BNG/BRAS reservation
The following replication scheme is used in the Stingray Service Gateway ver. 8.3+ to align subscriber data on all fastDPI servers: fastPCRF sends authorization responses and CoA requests to all the servers listed in the fdpi_server configuration parameters.
Authorization parameters are sent by using a persistent queue so even if some of the fastDPI servers are inactive at the time of data transmission, they will receive all the data missed during their idle time once they are activated.
Ways the data is applied on the DPI
When receiving authorization data, the fastDPI server identifies whether it was response to its own request or it was a response to another request (there is a special label in the packet for this purpose). If this is a response to its own request, the data will be applied completely: a DHCP or PPPoE session will be created in case of DHCP or PPPoE authorization request and the data will be stored in UDR. If this is an answer to another request, the fastDPI will simply store corresponding "extraneous" data in the UDR. Thus, when the main fastDPI server becomes unavailable all the load would be imposed on the backup fastDPI server and the latter will already have contain all the subscriber properties in its UDR: subscriver services, its policing, L2 properties - MAC address, VLAN, etc. That is, the UDR of the main and backup servers will essentially contain the consistent data.
BRAS L2 backup
Backing up of BRAS in L2 mode involves the connecting up of two Stingray Service Gateways in one L2 broadcast domain.
One of them in Master mode and the other in Slave one.

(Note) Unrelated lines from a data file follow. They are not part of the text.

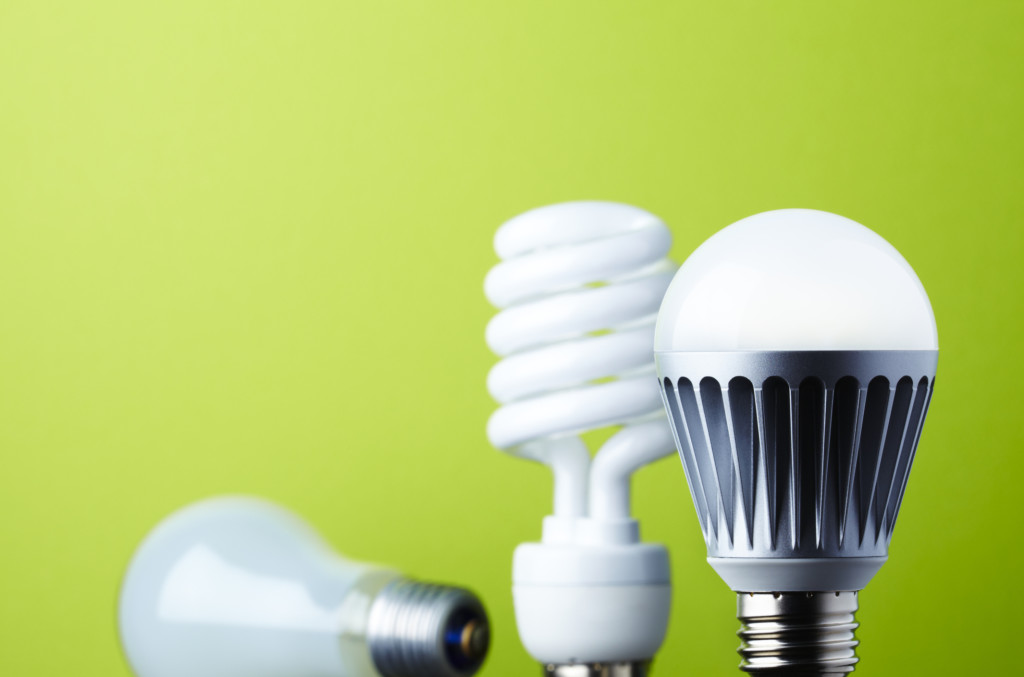 Energy Efficient Bulbs anxiety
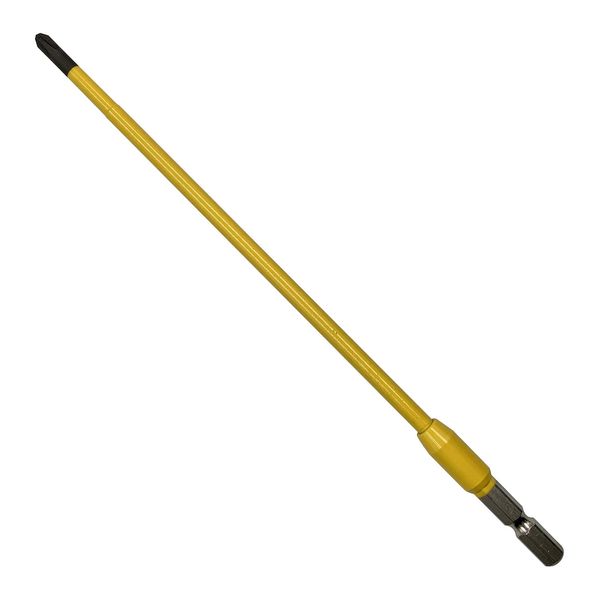 ANEX ACMD-2200 Color Bit with Step +2x200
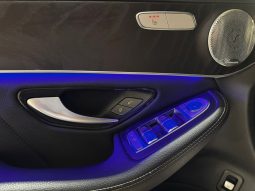 
										MERCEDES GLC 300 D 4MATIC full									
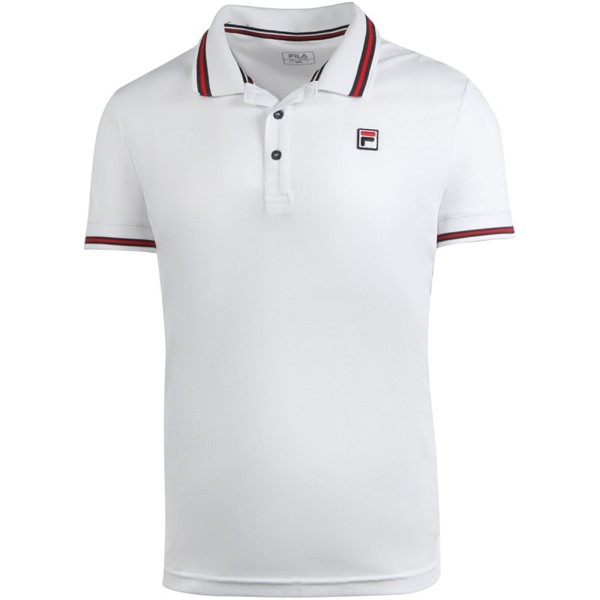 Moška polo majica Fila Piro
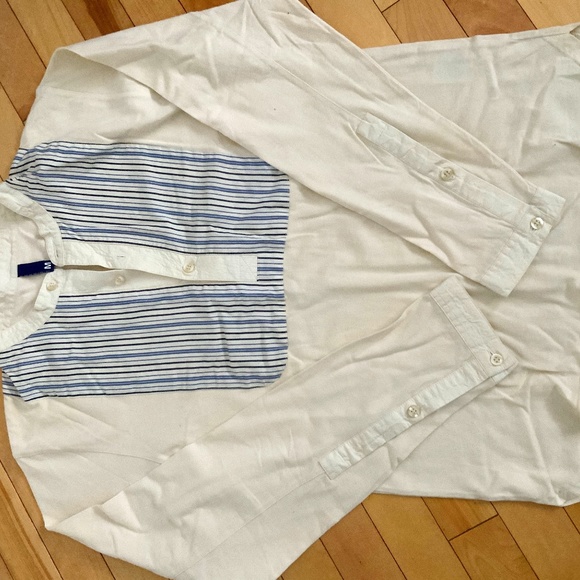 Long sleeves tee for teen or men - Picture 1 of 6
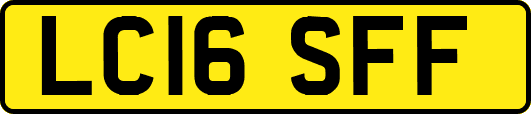 LC16SFF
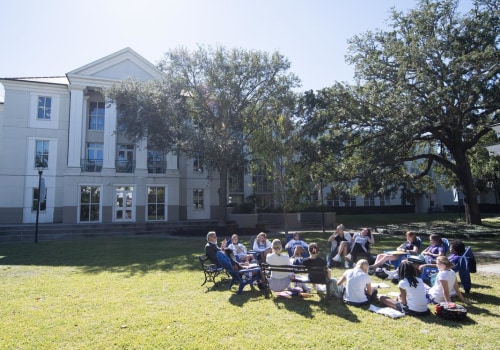 The Acceptance Rate for Music Schools in Charleston County, SC: Insights from a Music Education Expert
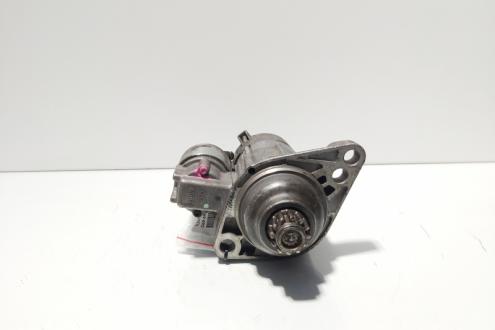 Electromotor, cod 02Z911023N, Vw Jetta 4 (6Z) 1.6 TDI, CAY, 5 vit man (idi:662457)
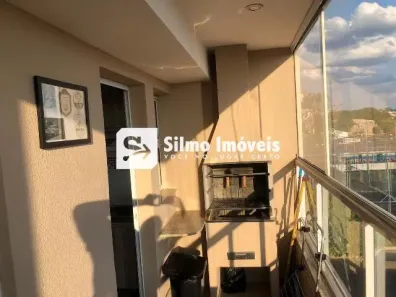 Apartamento com 2 Quartos à venda, 65m² no Santa Mônica, Uberlândia
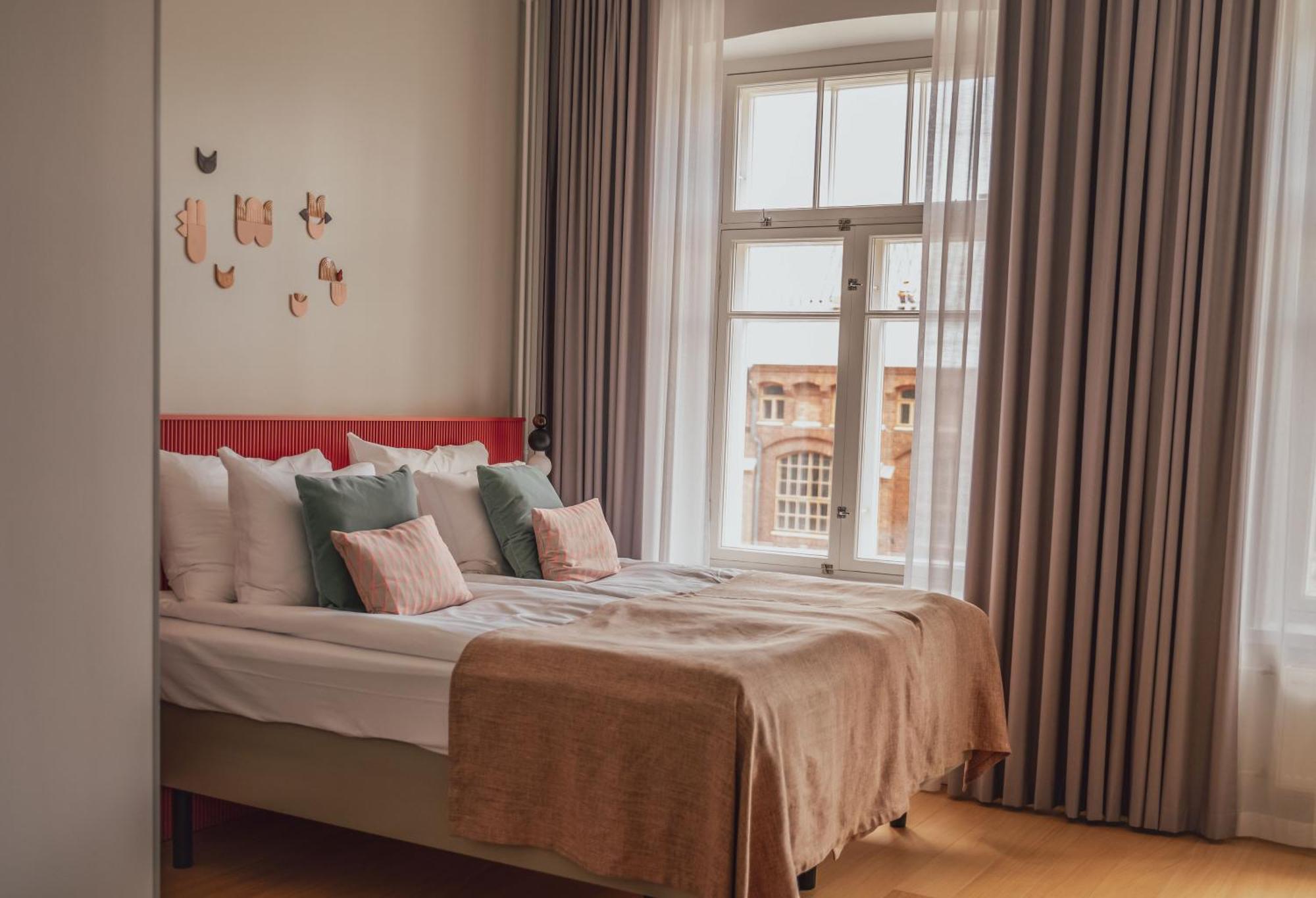 Habitación Superior
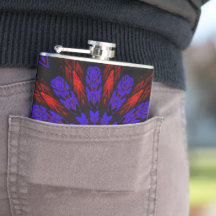 Mandala Southwestern Hippie Boho Chic Bohemisch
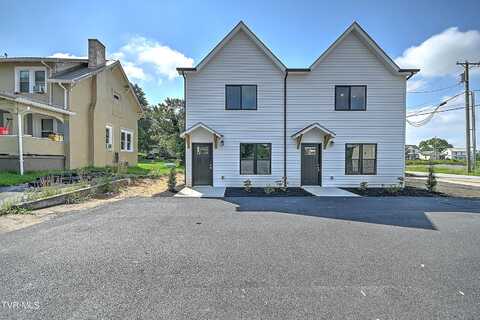 1101 Rhode Island Avenue, Bristol, VA 24201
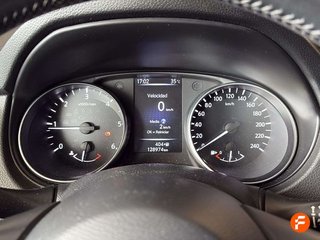 Nissan Qashqai dCi 81 kW (110 CV) ACENTA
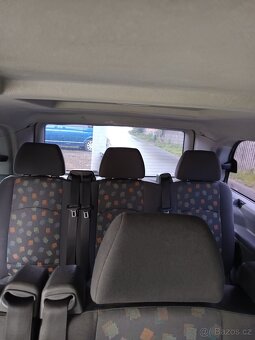 Mercedes Vito w639 - 5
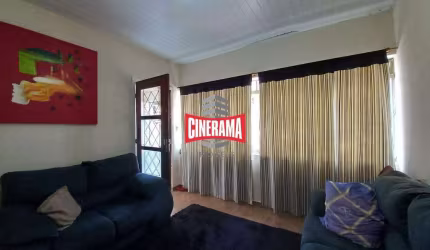 Casa à venda, 2 quartos, 3 vagas, Olímpico - São Caetano do Sul/SP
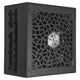 Silverstone HELA 1300R Platinum enhed til strømforsyning 1300 W 20+4 pin ATX ATX Sort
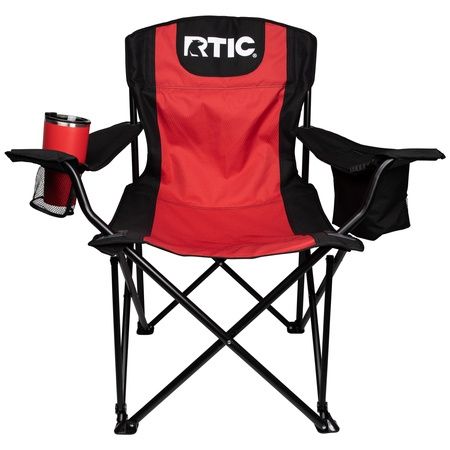 RTIC chaise télescopique pour pique-nique RTIC chaise télescopique pour pique-nique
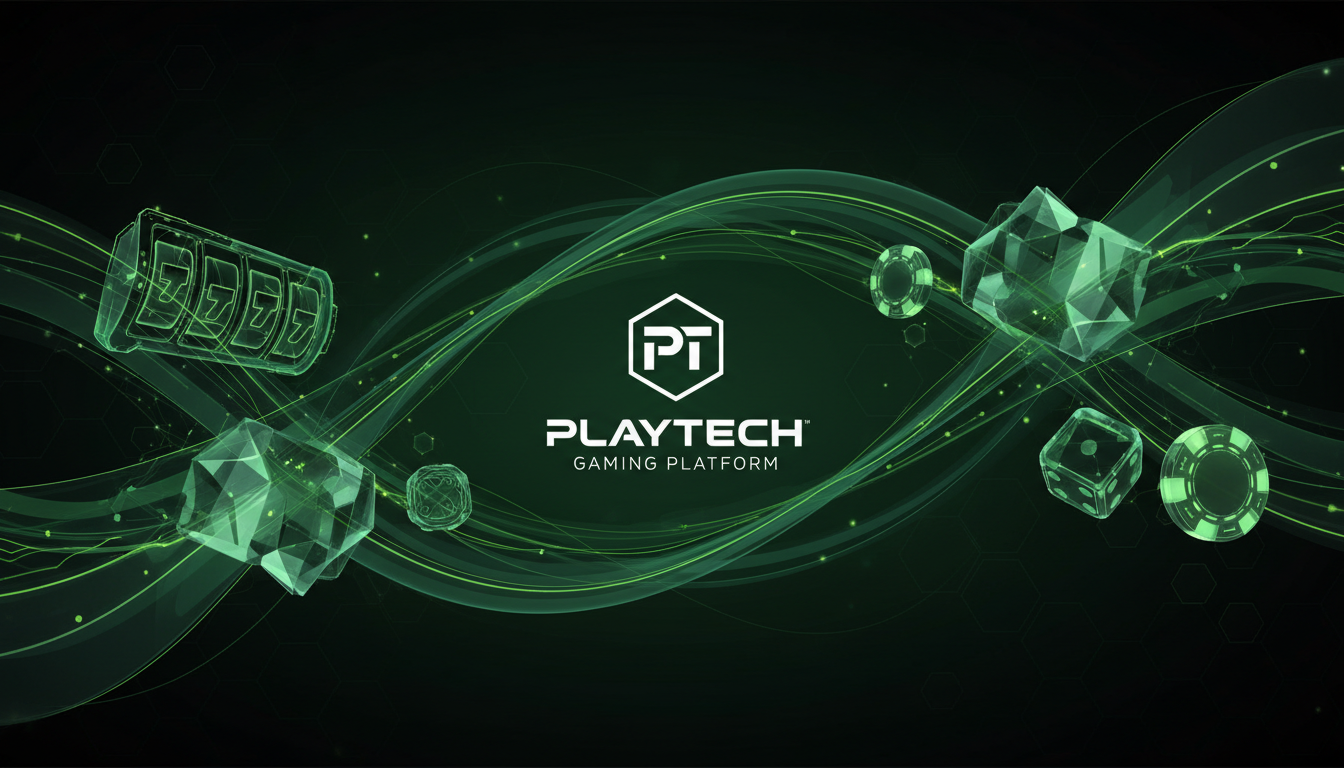 Playtech Argentina banner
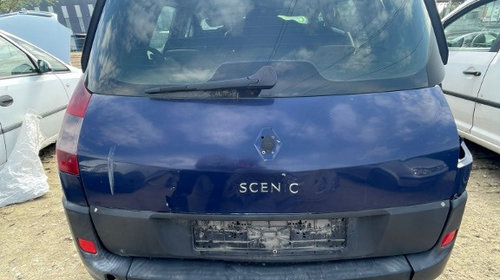 Dezmembrez Renault Scenic 2004 Hatchback 1.9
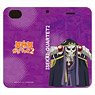 Isekai Quartetto 2 iPhone Cover (for iPhone 6/7/8) Ainz (Anime Toy)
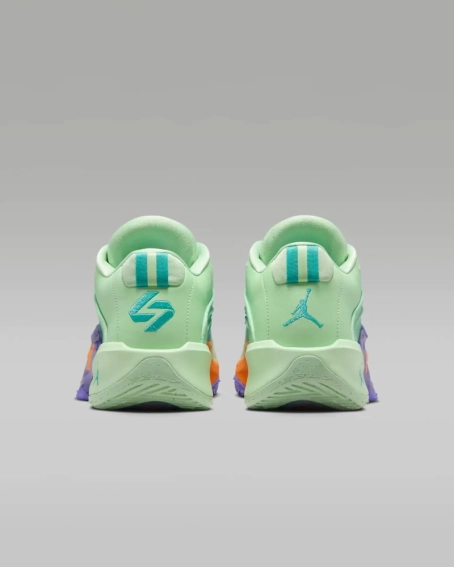 Кроссовки Nike Air Jordan Luka 3 HQ4255-300 фото 5 — интернет-магазин Tapok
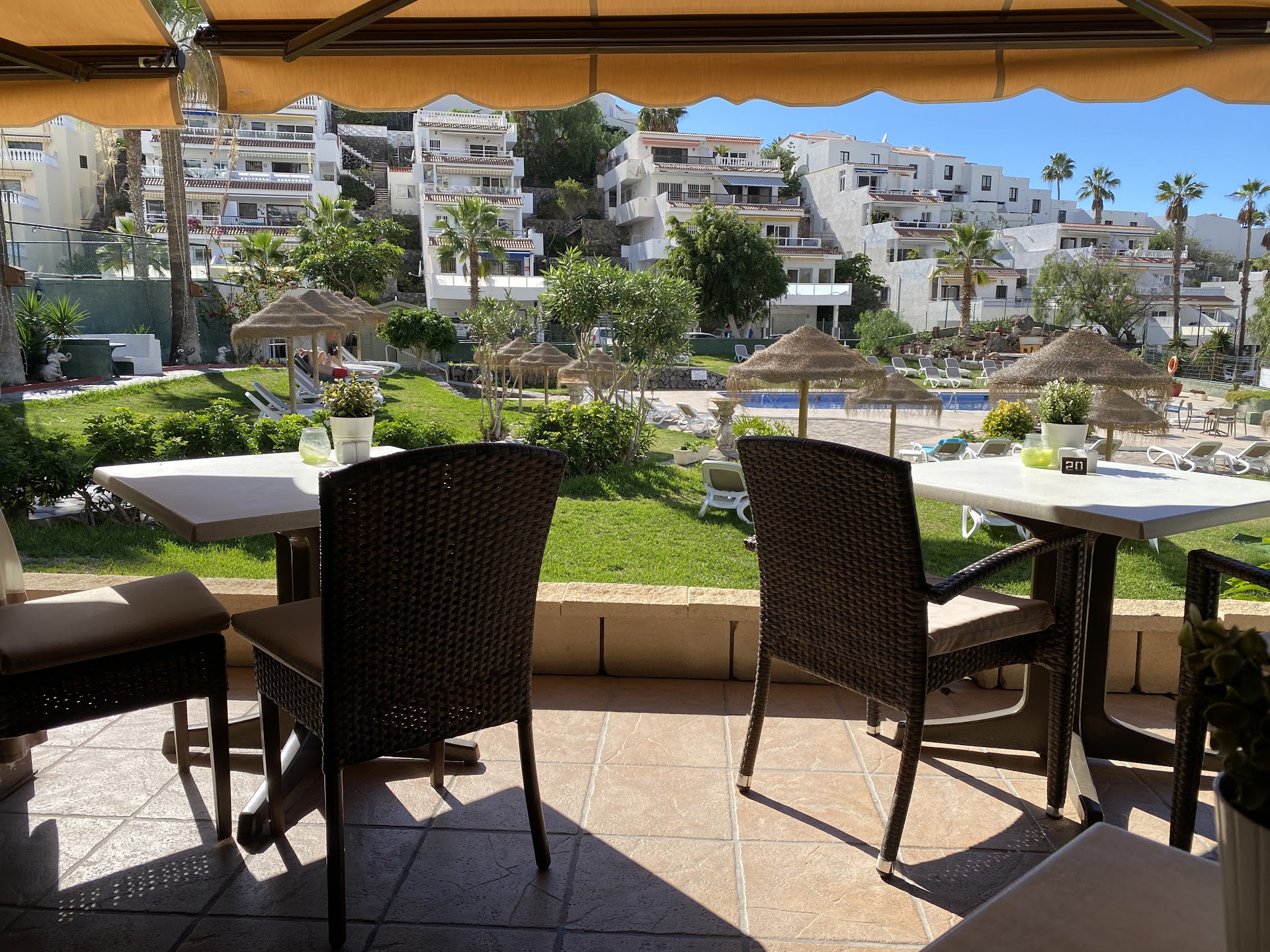 Bar Tipsy Terrace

Master SSG carries out traffic processing along with users authorization through the PCRF server.
Slave does not pass traffic through itself, dpdk interfaces are in the traffic standby mode (down). Subscribers information is synchronized through the PCRF server.
Slave monitors the availability and performance of the Master and when the last fails, Slave will activate (up) dpdk interfaces and start to process traffic automatically or manually.
An example of DPI connection and routes the traffic passes through it are presented in the diagram below.
Database synchronization
Configuring the SSG Master mode
Configuring the SSG Slave mode
Algorithm description
Stingray Service Gateway backup concept - MASTER-SLAVE (L2-BRAS):
1. MASTER is running 99% of the time, it can be disabled or may fail
2. When being recovered MASTER always treacherously proceed to process the traffic
3. SLAVE just accepts replications from MASTER and saves them in UDR in 99% of the time
4. There is a third party that switches traffic to MASTER or to SLAVE, depending on the current situation:
4.1. MASTER is available, SLAVE is available, then the traffic will be switched to MASTER
4.2. MASTER is available, SLAVE isn't, then the traffic will be switched to MASTER
4.3. MASTER is not available, SLAVE is available, then the traffic will be switched to SLAVE
4.4. MASTER and SLAVE are not available, then the traffic will be switched to MASTER
MASTER→ SLAVE toggling:
1. The third party detects that MASTER becomes unavailable and switches all the traffic to SLAVE
2. Delays when switching are barely perceptible (physically and logically) due to 99% SLAVE's UDR contains replicated data
Bootstrap MASTER'а (SLAVE is active and process traffic):
1. MASTER has the fastdpi+fastpcrf services running and enabled (they were started on boot)
2. MASTER detects that SLAVE is active and stores relevant data
3. MASTER stops its fastdpi + fastpcrf services
4. MASTER backups UDR on SLAVE and takes it back
5. MASTER starts its fastdpi + fastpcrf
6. A third party detects that the MASTER becomes available and switches the traffic to it
Bootstrap MASTER'а (SLAVE is anavailable):
1. MASTER has the fastdpi+fastpcrf services running and enabled (they were started on boot)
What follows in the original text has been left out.